# New project for DubaiLand!



## Dubai-Lover (Jul 4, 2004)

UK firm to set up polo club at Dubailand

Dubai's ambitious Dh18 billion development Dubailand has received a huge boost with the news that British company Plantation Holdings plans to set up a vast upscale equestrian and polo facility within the project.


Salem bin Dasmal, chief executive of Dubai Tour-ism Development Co, which manages Dubailand - he is also the ddia's deputy director general - welcomed the news.


Bin Dasmal said that the two billion square feet Dubailand has been launched by dubai tour-ism development co, a subsidiary of Ddia with the aim of providing the most comprehensive leisure, tourism and entertainment facilities for this region, and perhaps the world. 


"The aim was not only to provide a facility that would boost tourist flows to Dubai from the present 5 million visitors a year to 15 million by 2010 - but dubai Tourism Development Co has been tasked to facilitate inward investments.
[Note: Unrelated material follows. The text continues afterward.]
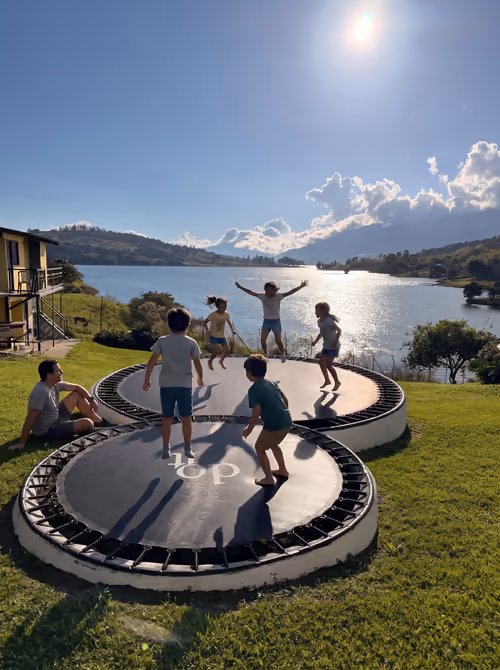 Niños saltando en el brinca brinca frente al lago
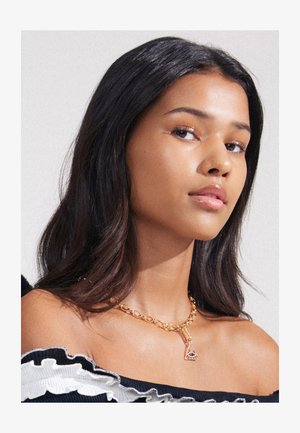 Zlatý řetízkový náhrdelník s trojúhelníkovým přívěskem s geometrickým vzorem. Modelka má tmavé, vlnité vlasy a nosí top s odhalenými rameny.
"We are happy to announce that with international investors such as Plantation Holdings, we are on the way."


The british investors will set up the plantation equestrian and polo club at dubailand. "We are aware that Dubailand is looking for the very best," said Arthur Fitzwilliam, managing director of Plantation Holdings. 


"We promise that the facility, which we will create, will be a benchmark for the equestrian world. "Dubai already has internationally acknowledged equestrian credentials. Its horse training facilities are the envy of many and the Dubai World Cup as well as being the world's richest horse race is a major social event.


"We intend to complement and add to that reputation."


Bin Dasmal said the plantation equestrian and polo club will house one of the world's largest equestrian facilities, sited on 14.5 million square feet of luxuriously landscaped grounds. 


"There will be air-conditioned stabling for 800 horses and world-class facilities for show jumping, dressage, cross-country, endurance and polo along with the recreational riding," he said. 


The facility will be staffed with the best international instructors for all equestrian disciplines. The four polo fields will enable the playing not only of high goal polo, but will allow the simultaneous scheduling of beginner games.


The polo academy will further encourage and develop the growth of the sport amongst the local population and provide enthusiasts from all over the world an opportunity to participate in the sport on the arabian Peninsula. 


To further enhance the riding pleasure of the members and their guests, the club will have two luxurious club houses, one for the equestrian and one for the polo community. These will house a variety of restaurants and shops for the whole family to enjoy.


"To enable international visitors to fully appreciate the facilities at the complex, we have given permission to the promoters to build a five-star dedicated resort on the grounds, so that enthusiasts can be close to their favourite sport and also enjoy the other vacation options that Dubai has to offer," Bin Dasmal said.


----------